Using futures to fix procurement prices is a good idea as this will link them to global prices and appears the only way to get farmers to sell their stocks to the government.
There are four interesting facts about the wheat scenario in India. The RBI Annual Report indicates that wheat production this year has been 74.9 million tonnes which is 5.5 million tonnes higher than that last year. The second is that the government is importing wheat at close to $390 per tonne. The third is that the procurement this year by the FCI has been 11 million tonnes which is higher than the 9.2 million tonnes last year but still lower than the targeted amount of 15 million tonnes. The last is that the minimum support price offered to the farmers was Rs 850 per quintal, after an additional bonus of Rs 100 was offered to them over the Rs 750 announced earlier, when it looked likely that the procurement target would not be met.
These facts are interesting for more than one reason as they individually raise a series of issues which need to be pieced together cogently. The first question is whether or not production is really higher than what it was last year. This is important because the import of wheat needs to be justified on grounds of lower production.
If the production number is correct, then the government is importing wheat because it is not able to procure the same from the farmers. In fact, with a marketed surplus of 63 per cent, there is actually 47 million tonnes which has come to the market (or partly held at home) of which only 11.1 million has gone to the government. Why should this be so?

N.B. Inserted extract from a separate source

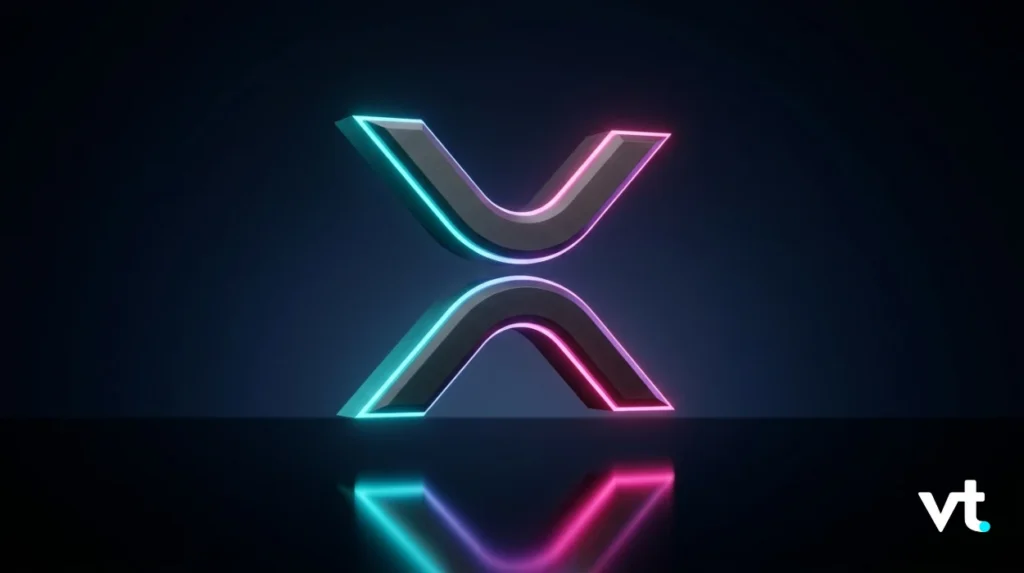 XRP3 VT Markets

The farmers are not selling because either they want a better price and are progressively aware of the market prices thanks to futures trading (before the ban) or due to the entry of private players. This, in turn, means that the price of Rs 850 offered is very low. A farmer may feel that he deserves a better price considering that the government is paying $390 per tonne which works out to over Rs 1,500 per quintal as global prices are on the rise due to supply issues, which is 75 per cent higher than what was offered to the Indian farmer.
This issue could have been ignored as being an unusual aberration but for the fact that the government has had a problem on the procurement end for the second successive year — the first was a deficit production year, while the second has been a year for surplus. Evidently, a strategy needs to be devised to ensure that there is no repetition of the same in the next year.
The basic issue goes back to the government procurement of wheat. Procurement has a bearing on the output perception, the future minimum support price (MSP), the current price as well as import decisions. Ideally the government may have to review the MSP system as the MSP is supposed to be a price support system and not necessarily a procurement aid. By attempting to target both the objectives with one instrument, a contradiction has arisen. In fact, economic theory always says that rarely can one achieve two objectives with one instrument.
This is so, as we have noticed that the farmers have become progressively more aware of the market conditions and are in a position to demand the same from the government. Therefore, even in years of good production such as 2007, while production has been steady, the procurement programme has run into an impasse.
It is said that some of the private players were offering prices of over Rs 2,000 a quintal for some grades of wheat. If this were so, then evidently there is a market price which is quite different from the MSP and we need to either change the MSP calculation or keep it as a benchmark and use the market to get signals for procurement.
The futures market was providing valuable signals of the wheat price, which can provide an alternative for determining procurement prices. The futures price can be used to fix the MSP so that the FCI is able to purchase the requisite amount at a fair market price. Hence, we will have the traditional MSP which serves as the base price, while the futures price will be the actually Implemented Procurement Price (IPP).
The IPP could be variable with the market price or also fixed in advance based on the futures price so as to be market-aligned. An analogy could be borrowed from the money market here. This would be similar to the bank rate and the repo rate, where the bank rate is the benchmark, and the fixed repo rate mimics the same based on market conditions through the RBI policy. This way the farmers are assured of a fair price which is the market price. If the market price falls to low levels, then the benchmark MSP could be used for the same purpose. This would eschew the need to import wheat when there are surpluses in the country.
The major problem here is that the MSP is serving as a base price-cum-procurement price which is progressively becoming anachronistic in a market-driven system. Private players are pushing aggressively for wheat given the retail boom, which is only going to explode further. Futures markets had provided price information to a considerable section of the farmer population so that they could ask for a higher price in the market. The government, hence, has become just another player that will have to procure at market rates.
Again, to draw a comparison with the G-sec market, the T-bills which were issued to finance the budget got away with a 4.6 per cent rate prior to liberalisation. Once this segment opened up, the government had to pay a higher rate. So, shouldn’t the same thing happen in the case of wheat?